**WHAT YOU ARE ASKED TO DO:** Without the pictures, write out all the lines below exactly as they appear.

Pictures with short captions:
=== Section Start ===

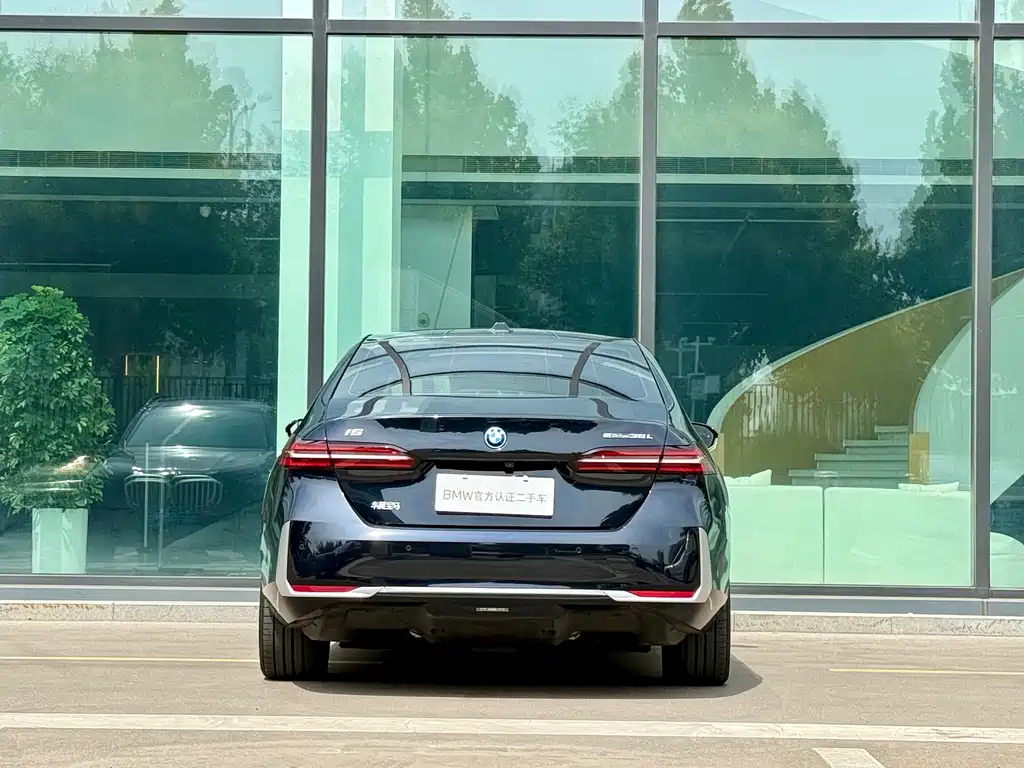 BMW i5 — миниатюра 6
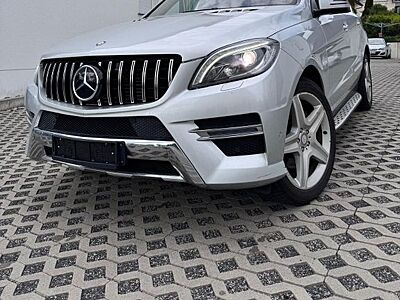 Mercedes-Benz ML 350 CDI  AMG Packet Panorama Offroad Packet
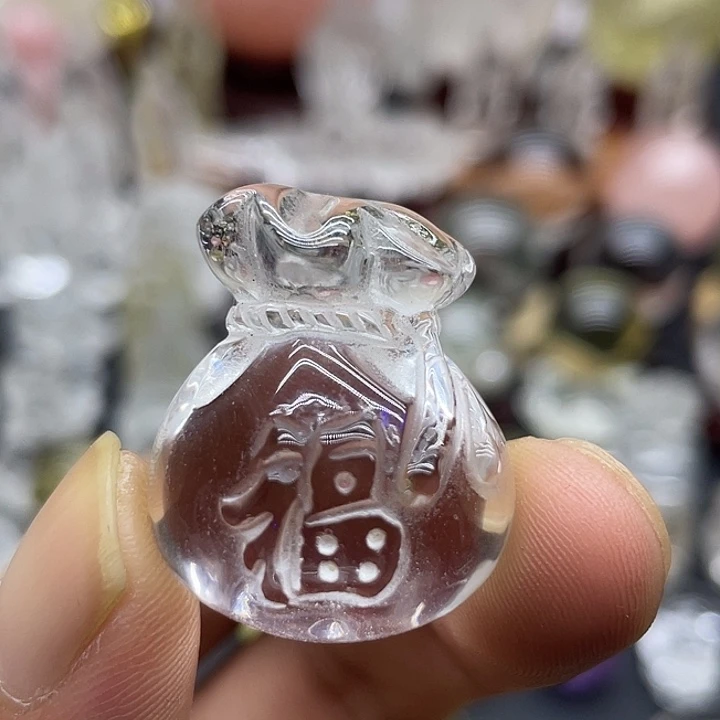 未镶嵌颈饰水晶吊坠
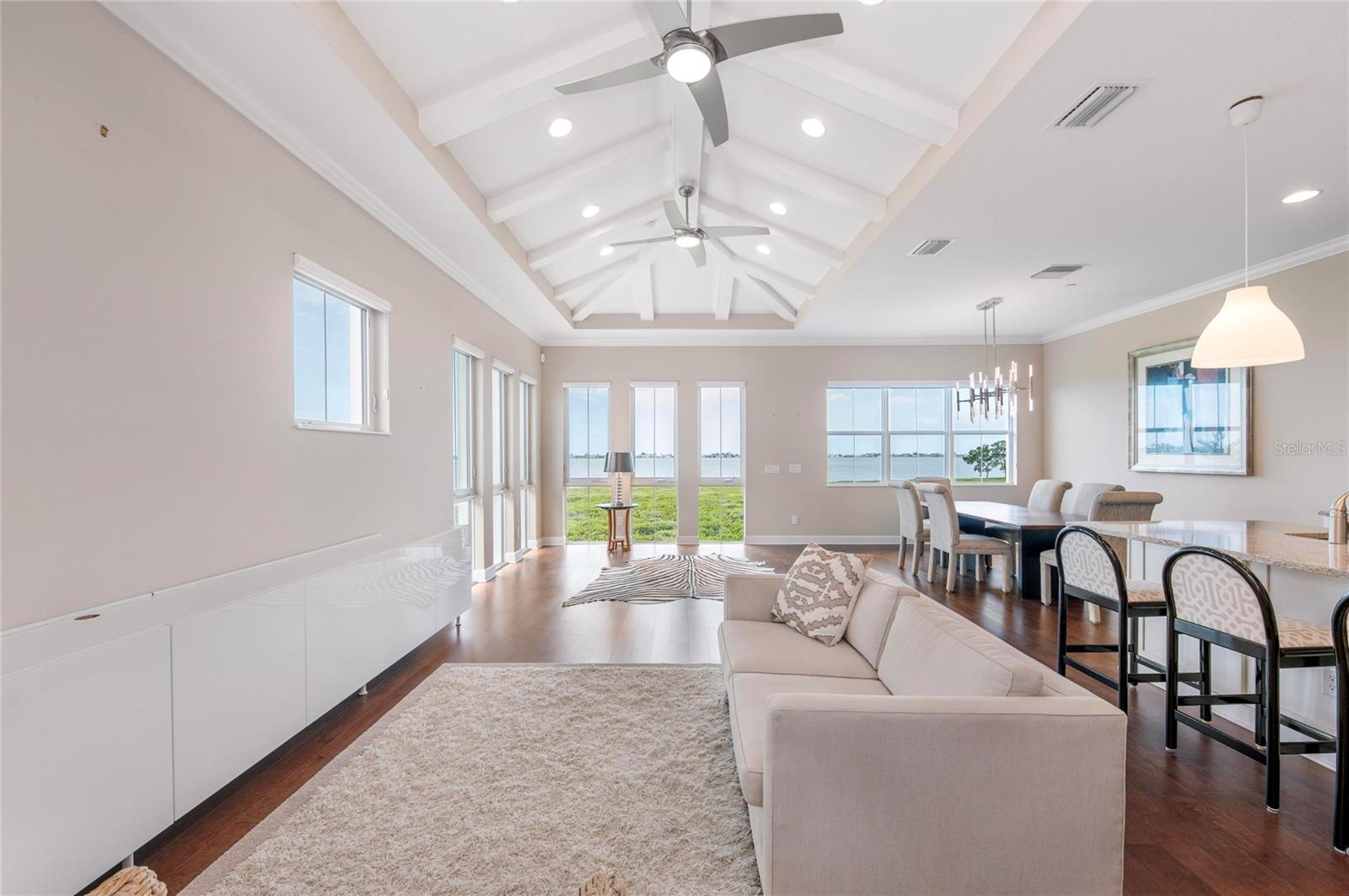 HARBOUR ISLE - EDGEWATER WALK - Residential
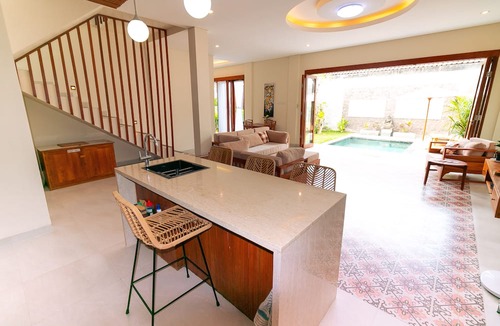 Denpasar Barat Villa | Villa Shantia, 3BR Villa Legian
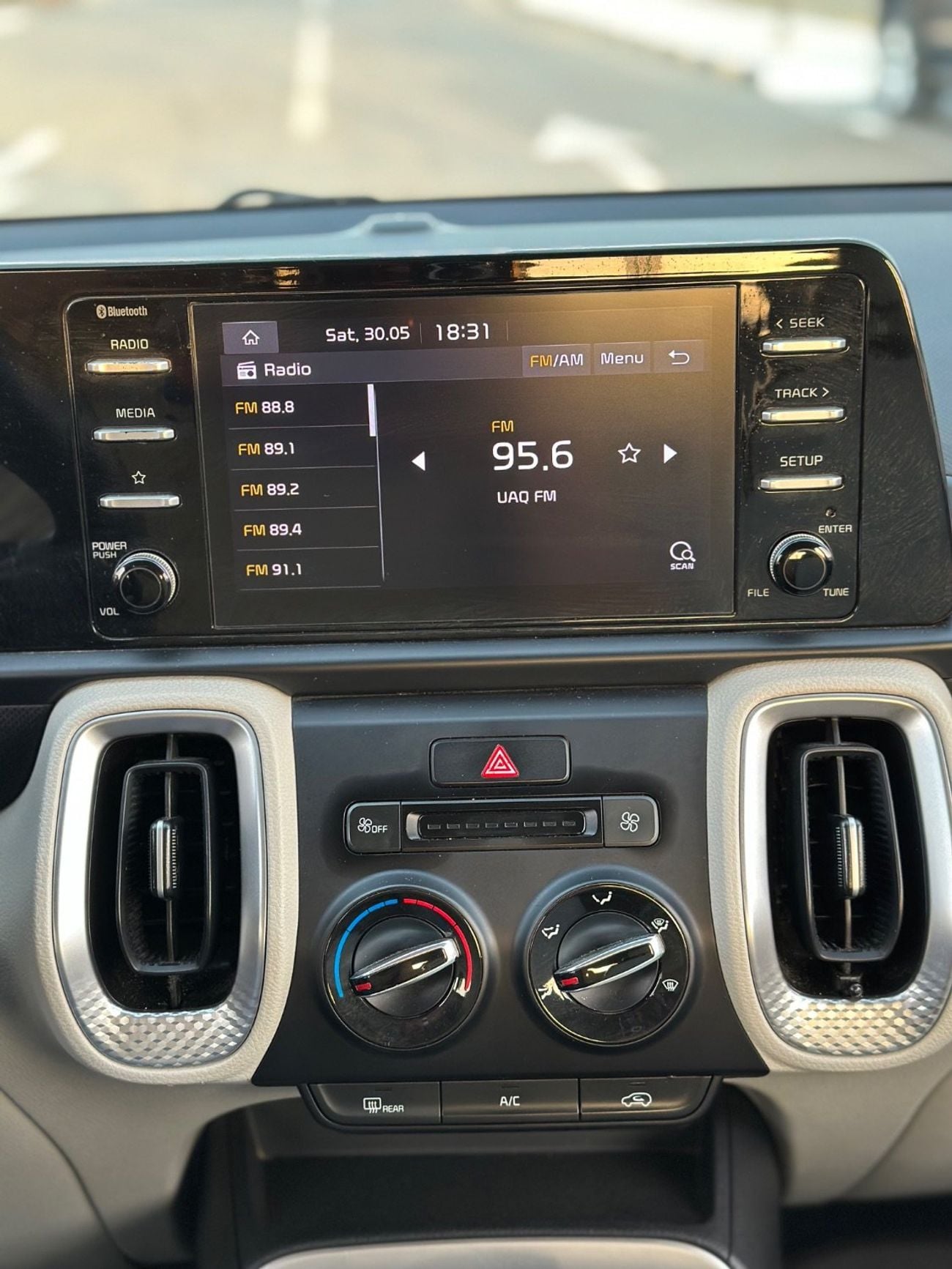 Kia Sonet LX Very good car 2023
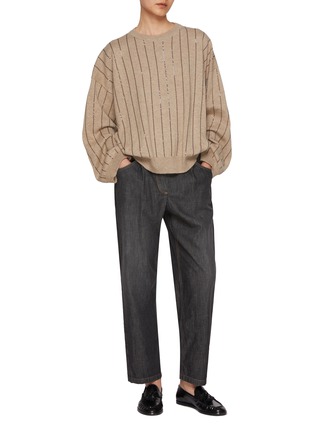 模特儿示范图 - 点击放大 - BRUNELLO CUCINELLI - Carrot Leg Dark Wash Jeans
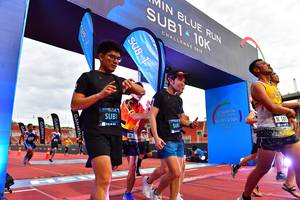 BIB: 201, 
                            <button type="button" onclick="openModal(4634099)" class="btn btn-primary btn-sm float-right btn-popup" data-toggle="modal" data-target=".modal-high-quality">
                        <i class="fas fa-shopping-cart"></i> Add to Cart
                    </button>
                                            <button type="button" onclick="isThisMe(4634099, true)" class="btn btn-success btn-sm float-right btn-popup btn-isme hidden" data-toggle="tooltip" data-placement="bottom" title="นี่คือรูปของคุณใช่ไหม คลิกที่นี่เพื่อเอาเข้าอัลบั้ม">
                        <i class="fas fa-plus"></i> Add to album
                    </button>
                    <button type="button" onclick="isThisMe(4634099, false)" class="btn btn-warning btn-sm float-right btn-popup btn-isnotme hidden">
                        <i class="fas fa-ban"></i> Remove from album
                    </button>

=== Section End ===

**RESULT OF THE TASK:**
 BMW i5 — миниатюра 6
 Mercedes-Benz ML 350 CDI  AMG Packet Panorama Offroad Packet
 未镶嵌颈饰水晶吊坠
 HARBOUR ISLE - EDGEWATER WALK - Residential
 Denpasar Barat Villa | Villa Shantia, 3BR Villa Legian
 Kia Sonet LX Very good car 2023
 模特儿示范图 - 点击放大 - BRUNELLO CUCINELLI - Carrot Leg Dark Wash Jeans
 BIB: 201, 
                            <button type="button" onclick="openModal(4634099)" class="btn btn-primary btn-sm float-right btn-popup" data-toggle="modal" data-target=".modal-high-quality">
                        <i class="fas fa-shopping-cart"></i> Add to Cart
                    </button>
                                            <button type="button" onclick="isThisMe(4634099, true)" class="btn btn-success btn-sm float-right btn-popup btn-isme hidden" data-toggle="tooltip" data-placement="bottom" title="นี่คือรูปของคุณใช่ไหม คลิกที่นี่เพื่อเอาเข้าอัลบั้ม">
                        <i class="fas fa-plus"></i> Add to album
                    </button>
                    <button type="button" onclick="isThisMe(4634099, false)" class="btn btn-warning btn-sm float-right btn-popup btn-isnotme hidden">
                        <i class="fas fa-ban"></i> Remove from album
                    </button>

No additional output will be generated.